TC vector initialization. Algorithm 5, line 53 checks whether an entry in the tips vector is not bottom (⊥). But the way a TC is constructed, following Algorithm 3 line 20, entries are initialized to 0, not ⊥, which means the check always passes and can never filter anything out. We observed that some TCs constructed following the protocol were not passing ValidTC. After discussion, the Category Labs team agreed that the vector should be initialized to ⊥.
Double voting via timeout. The most operationally significant finding was that to ensure safety, a validator must not accept more than one timeout message per sender per view. The pseudocode did not explicitly state this requirement, so our initial model also did not enforce this. Without this constraint, a Byzantine validator could insert conflicting votes via two distinct timeout messages in the same view, and a correct validator accumulating timeout quorums would process both. Running the simulator on this too permissive model led to a spurious violation of a safety property. Adding an explicit “at most one timeout message per sender per view” check to the model eliminated the violation, matching the real implementation of the protocol.
Alongside the long-running simulations, we also wrote a set of tests, much as one would when implementing a protocol: covering the happy path, the timeout recovery flow, and the various edge cases involving crashed leaders and slow validators.
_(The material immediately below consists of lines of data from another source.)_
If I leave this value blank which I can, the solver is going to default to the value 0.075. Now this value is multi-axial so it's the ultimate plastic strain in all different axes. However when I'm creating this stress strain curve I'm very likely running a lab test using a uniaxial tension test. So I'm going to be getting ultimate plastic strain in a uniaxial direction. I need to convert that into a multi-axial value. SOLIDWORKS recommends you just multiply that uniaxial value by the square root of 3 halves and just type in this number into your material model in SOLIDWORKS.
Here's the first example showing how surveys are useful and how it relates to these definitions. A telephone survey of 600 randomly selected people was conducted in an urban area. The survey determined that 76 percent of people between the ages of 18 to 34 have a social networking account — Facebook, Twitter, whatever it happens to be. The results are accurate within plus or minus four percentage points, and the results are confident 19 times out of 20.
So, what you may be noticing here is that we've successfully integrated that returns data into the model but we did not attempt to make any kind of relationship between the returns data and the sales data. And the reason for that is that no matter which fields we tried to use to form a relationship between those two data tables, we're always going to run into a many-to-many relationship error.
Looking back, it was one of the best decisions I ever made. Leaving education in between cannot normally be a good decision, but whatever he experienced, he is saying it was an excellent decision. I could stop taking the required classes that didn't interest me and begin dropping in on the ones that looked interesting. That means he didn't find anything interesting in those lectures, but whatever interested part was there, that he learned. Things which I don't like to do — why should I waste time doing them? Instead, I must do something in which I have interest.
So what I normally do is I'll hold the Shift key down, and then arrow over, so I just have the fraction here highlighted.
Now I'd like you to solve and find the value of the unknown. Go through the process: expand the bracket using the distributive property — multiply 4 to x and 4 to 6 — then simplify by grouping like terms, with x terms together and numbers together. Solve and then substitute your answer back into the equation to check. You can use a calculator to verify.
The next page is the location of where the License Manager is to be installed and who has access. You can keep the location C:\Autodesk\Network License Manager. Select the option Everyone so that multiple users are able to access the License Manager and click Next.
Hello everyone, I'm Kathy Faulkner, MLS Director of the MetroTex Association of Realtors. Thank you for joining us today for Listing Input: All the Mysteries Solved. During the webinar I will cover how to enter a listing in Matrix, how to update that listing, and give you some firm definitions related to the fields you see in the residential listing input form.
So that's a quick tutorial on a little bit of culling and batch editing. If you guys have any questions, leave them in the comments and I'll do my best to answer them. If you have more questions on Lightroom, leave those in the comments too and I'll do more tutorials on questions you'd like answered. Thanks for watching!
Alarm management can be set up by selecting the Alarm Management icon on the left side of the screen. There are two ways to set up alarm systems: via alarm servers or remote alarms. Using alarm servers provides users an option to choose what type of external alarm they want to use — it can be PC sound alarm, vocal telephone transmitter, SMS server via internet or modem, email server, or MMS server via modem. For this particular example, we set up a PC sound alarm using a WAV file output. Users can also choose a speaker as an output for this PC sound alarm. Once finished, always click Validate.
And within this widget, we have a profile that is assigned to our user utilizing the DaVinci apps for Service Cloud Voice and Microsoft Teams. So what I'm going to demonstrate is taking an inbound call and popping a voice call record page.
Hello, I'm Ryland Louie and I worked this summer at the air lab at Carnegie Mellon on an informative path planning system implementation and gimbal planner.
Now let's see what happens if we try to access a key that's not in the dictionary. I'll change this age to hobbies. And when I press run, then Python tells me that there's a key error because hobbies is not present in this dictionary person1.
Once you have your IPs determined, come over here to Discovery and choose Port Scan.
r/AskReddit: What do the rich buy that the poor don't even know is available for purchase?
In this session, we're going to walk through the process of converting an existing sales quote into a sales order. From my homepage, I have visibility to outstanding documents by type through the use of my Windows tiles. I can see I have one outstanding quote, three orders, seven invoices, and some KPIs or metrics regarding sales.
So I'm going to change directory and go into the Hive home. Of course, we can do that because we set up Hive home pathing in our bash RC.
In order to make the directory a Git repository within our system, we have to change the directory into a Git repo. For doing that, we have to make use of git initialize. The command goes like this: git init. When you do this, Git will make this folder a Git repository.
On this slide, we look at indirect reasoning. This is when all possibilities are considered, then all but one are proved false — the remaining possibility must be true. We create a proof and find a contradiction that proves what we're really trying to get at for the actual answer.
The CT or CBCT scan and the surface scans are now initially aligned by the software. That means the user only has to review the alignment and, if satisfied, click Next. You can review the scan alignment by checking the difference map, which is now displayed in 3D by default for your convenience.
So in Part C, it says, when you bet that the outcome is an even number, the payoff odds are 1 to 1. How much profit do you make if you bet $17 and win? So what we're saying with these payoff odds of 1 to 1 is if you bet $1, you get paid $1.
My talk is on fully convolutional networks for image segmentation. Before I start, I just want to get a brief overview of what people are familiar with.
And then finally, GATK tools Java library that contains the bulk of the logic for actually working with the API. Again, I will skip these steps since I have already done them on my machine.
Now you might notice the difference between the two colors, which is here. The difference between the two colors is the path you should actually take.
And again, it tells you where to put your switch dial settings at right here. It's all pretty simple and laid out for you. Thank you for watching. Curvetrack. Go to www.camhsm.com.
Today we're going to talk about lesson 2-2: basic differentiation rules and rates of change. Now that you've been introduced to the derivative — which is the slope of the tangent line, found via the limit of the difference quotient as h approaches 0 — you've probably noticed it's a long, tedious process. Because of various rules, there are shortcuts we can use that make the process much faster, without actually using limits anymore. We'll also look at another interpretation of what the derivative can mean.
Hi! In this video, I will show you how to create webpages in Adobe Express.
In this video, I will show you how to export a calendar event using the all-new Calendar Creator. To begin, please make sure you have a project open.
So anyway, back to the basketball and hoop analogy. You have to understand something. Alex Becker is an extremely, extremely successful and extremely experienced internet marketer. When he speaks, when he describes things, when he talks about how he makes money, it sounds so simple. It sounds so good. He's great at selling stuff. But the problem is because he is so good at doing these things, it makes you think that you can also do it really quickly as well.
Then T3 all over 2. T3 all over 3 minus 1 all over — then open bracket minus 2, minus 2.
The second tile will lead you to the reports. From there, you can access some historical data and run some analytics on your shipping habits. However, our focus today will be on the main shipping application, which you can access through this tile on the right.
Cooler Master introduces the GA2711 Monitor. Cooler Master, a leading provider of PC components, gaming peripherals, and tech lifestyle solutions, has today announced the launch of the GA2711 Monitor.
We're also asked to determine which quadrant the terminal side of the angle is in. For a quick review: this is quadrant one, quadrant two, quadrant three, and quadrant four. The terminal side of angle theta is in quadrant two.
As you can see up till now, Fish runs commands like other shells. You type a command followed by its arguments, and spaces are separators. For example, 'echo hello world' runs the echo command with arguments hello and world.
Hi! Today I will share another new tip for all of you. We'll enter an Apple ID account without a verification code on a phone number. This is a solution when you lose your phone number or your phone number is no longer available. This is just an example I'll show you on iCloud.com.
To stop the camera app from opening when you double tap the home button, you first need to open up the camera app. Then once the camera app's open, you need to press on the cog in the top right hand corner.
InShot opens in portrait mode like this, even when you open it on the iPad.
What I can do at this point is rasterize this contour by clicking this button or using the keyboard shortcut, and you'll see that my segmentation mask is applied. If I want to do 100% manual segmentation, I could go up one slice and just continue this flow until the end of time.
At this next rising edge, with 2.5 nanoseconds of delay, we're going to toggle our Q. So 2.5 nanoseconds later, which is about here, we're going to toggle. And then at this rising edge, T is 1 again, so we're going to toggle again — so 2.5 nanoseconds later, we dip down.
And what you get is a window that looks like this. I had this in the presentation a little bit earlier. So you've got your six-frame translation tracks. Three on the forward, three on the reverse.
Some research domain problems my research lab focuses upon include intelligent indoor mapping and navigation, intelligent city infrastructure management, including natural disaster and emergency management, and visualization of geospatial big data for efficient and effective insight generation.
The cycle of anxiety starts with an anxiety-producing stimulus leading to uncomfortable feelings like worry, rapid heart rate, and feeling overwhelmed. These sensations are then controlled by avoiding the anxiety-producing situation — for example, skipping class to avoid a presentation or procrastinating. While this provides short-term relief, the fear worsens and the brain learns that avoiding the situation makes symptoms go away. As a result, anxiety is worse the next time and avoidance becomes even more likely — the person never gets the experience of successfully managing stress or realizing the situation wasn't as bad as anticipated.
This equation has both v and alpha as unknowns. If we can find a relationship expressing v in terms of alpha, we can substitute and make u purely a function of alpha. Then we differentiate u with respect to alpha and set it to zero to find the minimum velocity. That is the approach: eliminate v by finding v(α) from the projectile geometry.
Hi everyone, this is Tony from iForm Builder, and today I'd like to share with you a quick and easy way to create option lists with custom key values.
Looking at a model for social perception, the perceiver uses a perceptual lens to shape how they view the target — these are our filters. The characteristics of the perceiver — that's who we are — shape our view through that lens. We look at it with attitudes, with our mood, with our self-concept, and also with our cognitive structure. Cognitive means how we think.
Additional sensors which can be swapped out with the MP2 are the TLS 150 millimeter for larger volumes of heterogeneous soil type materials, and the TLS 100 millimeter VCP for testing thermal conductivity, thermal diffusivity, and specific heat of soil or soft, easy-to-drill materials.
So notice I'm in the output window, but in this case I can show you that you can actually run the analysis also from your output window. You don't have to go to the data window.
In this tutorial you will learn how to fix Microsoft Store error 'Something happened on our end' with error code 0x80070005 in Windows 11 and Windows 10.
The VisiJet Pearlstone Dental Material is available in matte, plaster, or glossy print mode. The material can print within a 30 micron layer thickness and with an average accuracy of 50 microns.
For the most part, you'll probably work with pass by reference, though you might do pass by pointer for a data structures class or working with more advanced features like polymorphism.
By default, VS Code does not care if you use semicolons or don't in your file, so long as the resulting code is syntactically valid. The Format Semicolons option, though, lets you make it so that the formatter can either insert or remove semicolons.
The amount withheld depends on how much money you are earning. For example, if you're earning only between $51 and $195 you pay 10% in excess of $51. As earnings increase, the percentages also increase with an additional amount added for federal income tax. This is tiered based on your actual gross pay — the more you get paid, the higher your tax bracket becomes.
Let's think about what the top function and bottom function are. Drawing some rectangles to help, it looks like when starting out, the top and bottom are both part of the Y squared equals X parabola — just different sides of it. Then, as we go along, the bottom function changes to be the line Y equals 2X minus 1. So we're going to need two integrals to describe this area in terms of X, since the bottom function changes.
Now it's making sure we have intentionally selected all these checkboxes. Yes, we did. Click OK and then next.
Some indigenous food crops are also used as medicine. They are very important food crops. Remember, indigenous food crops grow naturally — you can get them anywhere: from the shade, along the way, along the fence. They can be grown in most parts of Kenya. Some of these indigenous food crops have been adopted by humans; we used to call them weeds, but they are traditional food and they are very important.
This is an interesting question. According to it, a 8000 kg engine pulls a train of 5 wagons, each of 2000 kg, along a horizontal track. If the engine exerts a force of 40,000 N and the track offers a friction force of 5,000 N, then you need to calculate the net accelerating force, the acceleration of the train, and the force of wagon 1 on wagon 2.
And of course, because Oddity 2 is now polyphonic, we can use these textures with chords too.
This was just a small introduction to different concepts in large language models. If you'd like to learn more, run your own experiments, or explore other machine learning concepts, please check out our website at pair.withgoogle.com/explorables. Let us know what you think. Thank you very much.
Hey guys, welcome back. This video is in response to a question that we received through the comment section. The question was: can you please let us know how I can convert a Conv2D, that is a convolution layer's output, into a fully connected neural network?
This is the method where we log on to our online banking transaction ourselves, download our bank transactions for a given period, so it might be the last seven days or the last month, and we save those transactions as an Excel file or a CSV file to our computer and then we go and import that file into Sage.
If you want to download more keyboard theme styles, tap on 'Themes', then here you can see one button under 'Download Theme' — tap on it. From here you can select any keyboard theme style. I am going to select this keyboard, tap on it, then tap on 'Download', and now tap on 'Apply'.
This is a natural part of building confidence in a model, and it has a useful side effect. Each test is a Quint run that follows a specific sequence of actions step by step, so for the scenarios depicted in the paper’s diagrams, the corresponding run doubles as a mechanical check of the diagram itself. If the run succeeds, the depicted scenario is feasible in the model. If it fails, the diagram would contain an inconsistency with the pseudocode.
Conclusions
We set out to analyze MonadBFT using Quint, and in doing so developed a set of techniques for making a large, complex distributed protocol tractable for simulation-based verification. The message soup pattern keeps traces short by collapsing quorum thresholds into atomic transitions. Abstracting layered sub-protocols trades completeness for tractability. Encoding lemmas alongside theorems gives the simulator tighter targets and humans more focused starting points for debugging. Modeling Byzantine behavior interactively and incrementally lets the simulator surface attack patterns a preloaded model would miss. And writing scenario tests validates the model while providing a mechanical check of the paper’s diagrams as a by-product.
None of these techniques are specific to MonadBFT. Any distributed protocol with quorum logic, layered sub-protocols, and a proof structure built from intermediate lemmas can benefit from the same approach. The combination of a precise executable model and a fast simulator turns the kind of inconsistencies that survive pen-and-paper review into concrete, inspectable traces.
Working on a protocol at this scale also fed back into Quint itself. The most impactful improvement was the adoption of the Rust simulator as the default backend, which runs roughly an order of magnitude faster than the previous TypeScript simulator. For MonadBFT this was the difference between exploring thousands of traces per minute and a few hundred, and that extra coverage is what allowed us to find the subtle violations described above. Runtime error reporting also improved significantly. Both improvements and more are now available to anyone using the latest version of the Quint tools.